PCDForum Column #9 Release Date March 1, 1991

by David C. Korten

As voluntary organizations around the world re-examine
their development roles and accept a greater responsibility
for reshaping development policies, they are confronting
a harsh reality. Not only is our existing political leadership
failing to acknowledge the true nature of our global crisis,
it is actively and aggressively committing us to self-defeating policies that feed on one another to deepen that
crisis and make its resolution ever more difficult.

No where is this more dramatically demonstrated than
in the current Gulf War. Those who have led us into this
war herald it as a historic step toward the creation of a
new world order based on principles of collective security
and the rule of law. No where within official policy circles
do we see an acknowledgement that to the contrary, it is
a dramatic demonstration of the cumulative failure of
years of misguided policy action–energy policies that
have made the world economically dependent on Middle
Eastern oil and trade policies that encouraged the sale of
sophisticated military equipment and nuclear and chemical
technology to any dictator who had the money to pay for
them. These policies gave Saddam Hussein his power.

Given adequate recognition of the nature of the
problem, Saddam Hussein’s invasion of Kuwait might
have been taken by our leaders as an occasion to press for
a global commitment to: 1) energy conservation and
conversion to renewable energy sources; 2) a reduction in
arms trade; and 3) stricter international control of chemical and nuclear technologies with potential military
applications. They might have backed these longer term
reforms with a serious and sustained test of the efficacy of
collective UN enforced economic sanctions and the
stationing of a true UN peace keeping force in Saudi
Arabia to assure its defense.

 Instead, our leaders chose a very different course of
action, one that diverted attention away from their policy
failures and established a rationale for maintaining high
levels of arms expenditures in the face of East West
detente. This choice was made with the most minimal of
public debate, and abdicated the responsibility for action
to one man, George Bush, on behalf of the entire global
community. With a passing nod to sanctions and negotiation, this delegated power was used to commit the world
to a war that has already taken a financial and environmental toll the world can ill afford, has added substantially
to instability in the Middle East and other Islamic nations,
and holds prospect of bringing immeasurable suffering to
hundreds of thousands, possibly millions, of innocent
people caught up in the violence on both sides. Whatever
good works voluntary agencies do around the world to
alleviate human suffering during this period, their efforts
will pale by comparison. Whatever its outcome, humanity
will bear the scars of this war for decades to come.

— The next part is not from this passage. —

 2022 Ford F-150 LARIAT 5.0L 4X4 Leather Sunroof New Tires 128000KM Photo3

What lessons must we learn from this folly?


  • Voluntary organizations cannot responsibly limit
    themselves to alleviating the human suffering that
    results as a consequence of policy failure. They must
    direct their attention to its causes.

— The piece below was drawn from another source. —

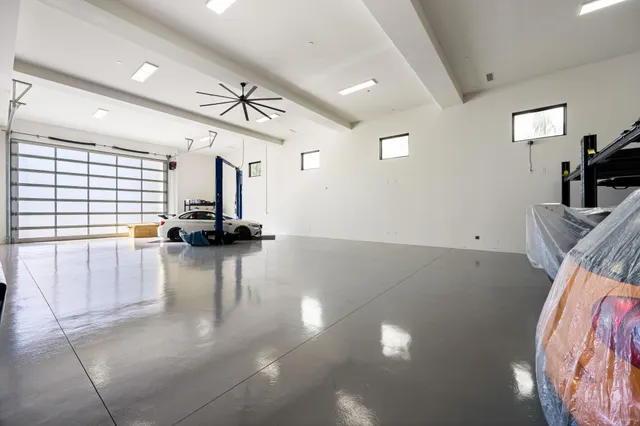 $4,500,000 | 86828 Rogers Way, Thermal, CA 92274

  • Peace, trade, and environmental policies have a direct
    bearing on human suffering. They must be a concern
    of organizations devoted to social justice.

  • The transformation of essential policies depends on
    the reform of political systems to break the hold of
    traditional political forces in the North as well as the
    South, in democratic as well as authoritarian states.

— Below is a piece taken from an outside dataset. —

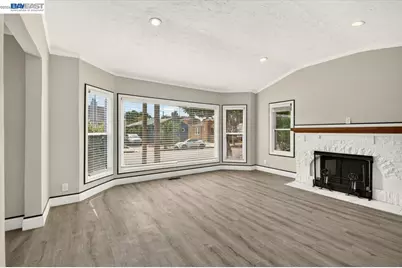 250 Broadmoor Blvd, San Leandro, CA 94577 - Photo 8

We are being forced to recognize just how central
political reform is to the transformation agenda. Our
existing political structures are not responding. To the
contrary, they are actively leading us in self-destructive
directions that make the realization of that agenda ever
more difficult. Most voluntary organizations style themselves as nonpolitical. However, as they direct themselves
increasingly to policy advocacy agendas, voluntary sector
leaders in the South find themselves questioning the
realism of this stance. Now their counterparts in the North
face the same question. The issues are complex and the
appropriate course of action not self-evident.

It is clear, however, that each of us who claims a
commitment to social justice and the alleviation of human
suffering must accept a responsibility to act on the lessons
this war so starkly poses. We must use every opportunity
to turn this human tragedy into a commitment to a new
vision of human progress on a finite and interdependent
planet.
_______________

David C. Korten is founder and president of the People-Centered Development Forum, and the author of Getting to
the 21st Century: Voluntary Action and the Global Agenda

(West Hartford, CT: Kumarian Press, 1990). This column is
contributed by the People-Centered Development Forum.